Today's outage

Warhorn was offline for about 4 hours this morning. The outage was caused by the server’s disk filling up as a result of 1) last night’s automated backup and 2) a proliferation of old log files. Because we don’t have any real alerting systems in place, we didn’t notice the outage until users started sending complaints in email. Once we were aware of the situation, we made some space on the disk and got the service running again.

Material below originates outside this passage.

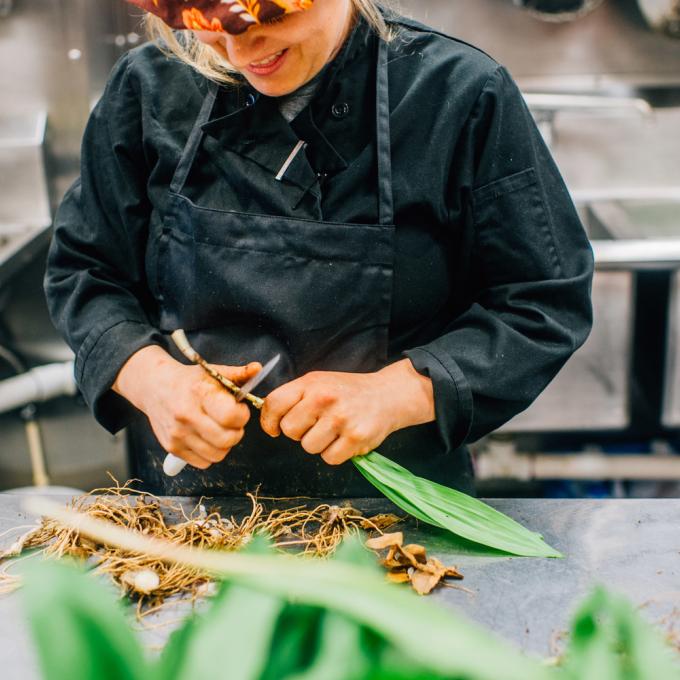 當地盛產的韭蔥備菜 當地盛產的韭蔥備菜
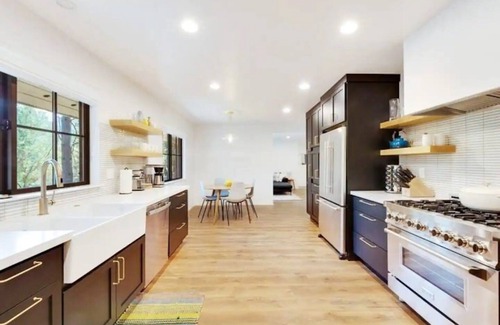 Grass Valley House | Luxe Private Lakefront Getaway with Hot Tub!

Takeaways from this incident:

  1. We need real alerting systems in place to let us know as soon as some part of the system fails. It is unacceptable for hours to go by before we discover that something’s wrong. We have two options: set up some basic monitoring and alerting tools, or pay some third party to handle monitoring and alerting for us. Given my lack of free time and experience with managing that kind of thing by hand, we’d prefer the second option, but that depends on you folks giving a little more money a little more often than happens now.
  2. Backups need to be stored somewhere other than on the server. This is already in place; I set it up just after this morning’s incident. ~10G of space has been reclaimed, and our hosting provider’s automated backup system has now replaced our old system (at an additional monthly cost, which we’re crossing our fingers will be covered by donations).
  3. Log files need to be pruned after some amount of time. I gotta just roll up my sleeves and make that happen; nobody’s gonna do it for me.
I think it’s pretty obvious that we’re running Warhorn on a shoestring budget. We get very little in the way of donations and therefore don’t have the budget to afford to pay other folks to help us with the system level stuff that I don’t have time and/or expertise to deal with. So if you value the service we’re providing, please consider donating a few bucks to help us get Warhorn working better. If we could bring in even just $100 a month we could afford to run this outfit in a much more professional manner 🙂 Thanks very much to those of you who do support us financially, we sure do appreciate the help. And sorry for the outage – we’ll keep doing the best we can to keep this creaky old ship afloat.